START Exercise data
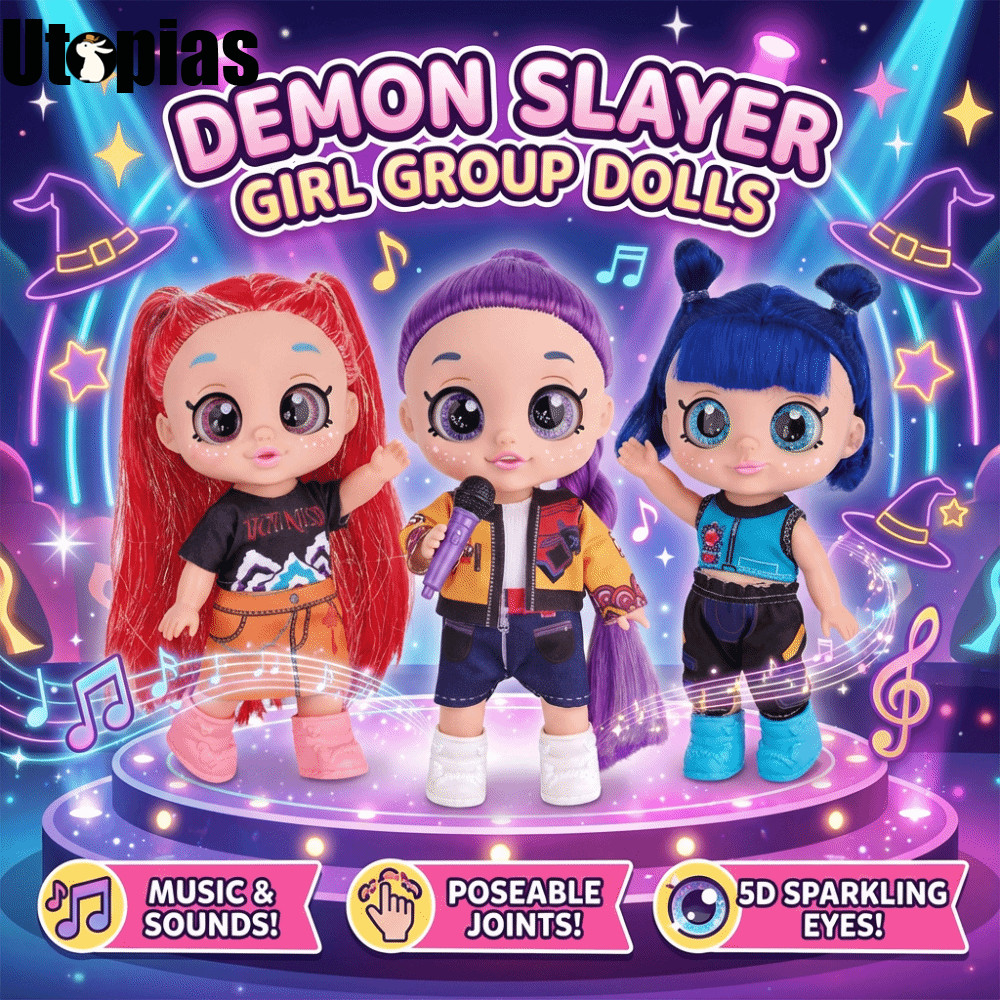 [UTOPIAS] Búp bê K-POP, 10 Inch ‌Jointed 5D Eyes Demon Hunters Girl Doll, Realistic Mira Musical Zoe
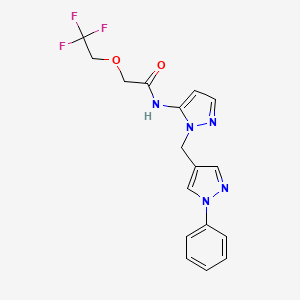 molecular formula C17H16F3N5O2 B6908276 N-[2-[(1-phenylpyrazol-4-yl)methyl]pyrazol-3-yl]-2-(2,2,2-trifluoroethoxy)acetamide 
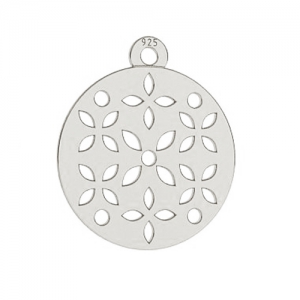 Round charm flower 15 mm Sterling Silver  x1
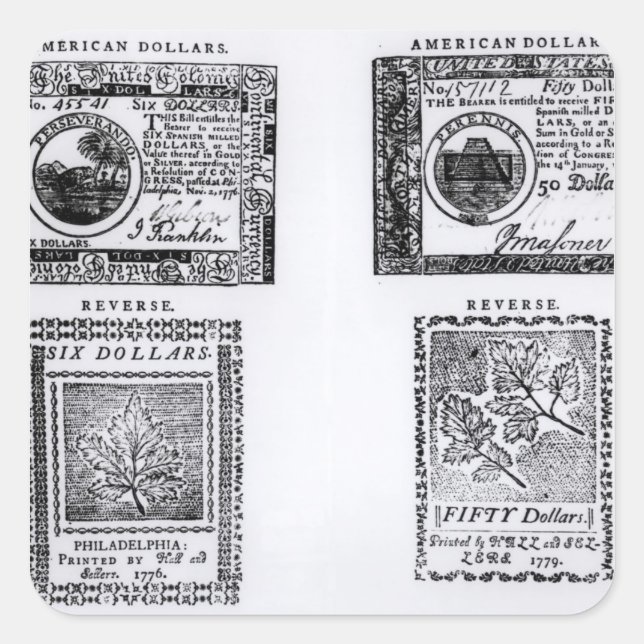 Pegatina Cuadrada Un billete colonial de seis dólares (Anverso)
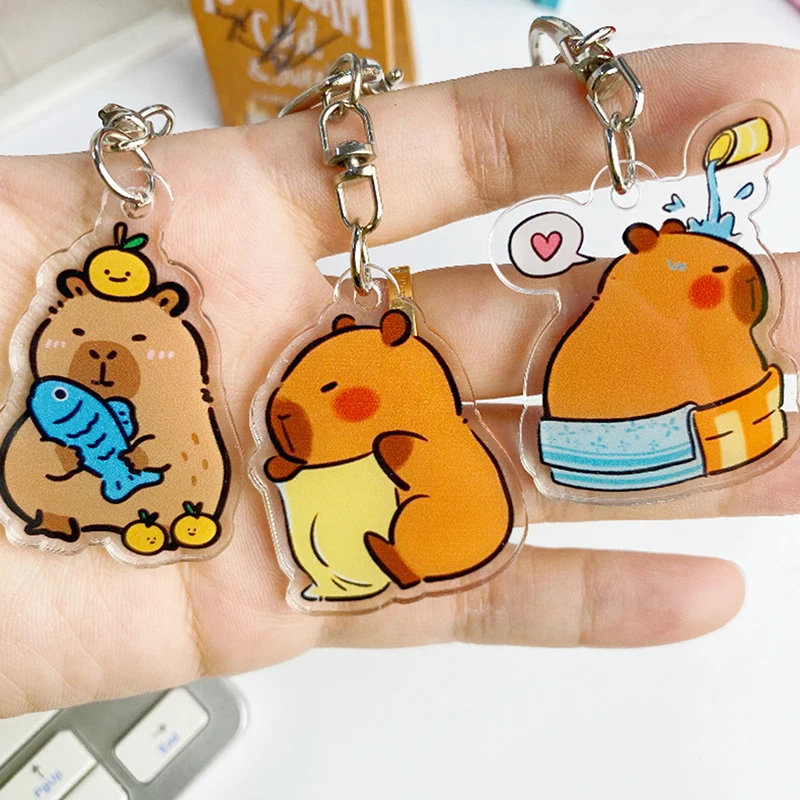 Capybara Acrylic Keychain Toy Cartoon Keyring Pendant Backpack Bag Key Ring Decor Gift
END Exercise data
■ To do: Although the records above include pictures, the copy must contain only their exact text.

■ Written answer:
 [UTOPIAS] Búp bê K-POP, 10 Inch ‌Jointed 5D Eyes Demon Hunters Girl Doll, Realistic Mira Musical Zoe
 molecular formula C17H16F3N5O2 B6908276 N-[2-[(1-phenylpyrazol-4-yl)methyl]pyrazol-3-yl]-2-(2,2,2-trifluoroethoxy)acetamide 
 Round charm flower 15 mm Sterling Silver  x1
 Pegatina Cuadrada Un billete colonial de seis dólares (Anverso)
 Capybara Acrylic Keychain Toy Cartoon Keyring Pendant Backpack Bag Key Ring Decor Gift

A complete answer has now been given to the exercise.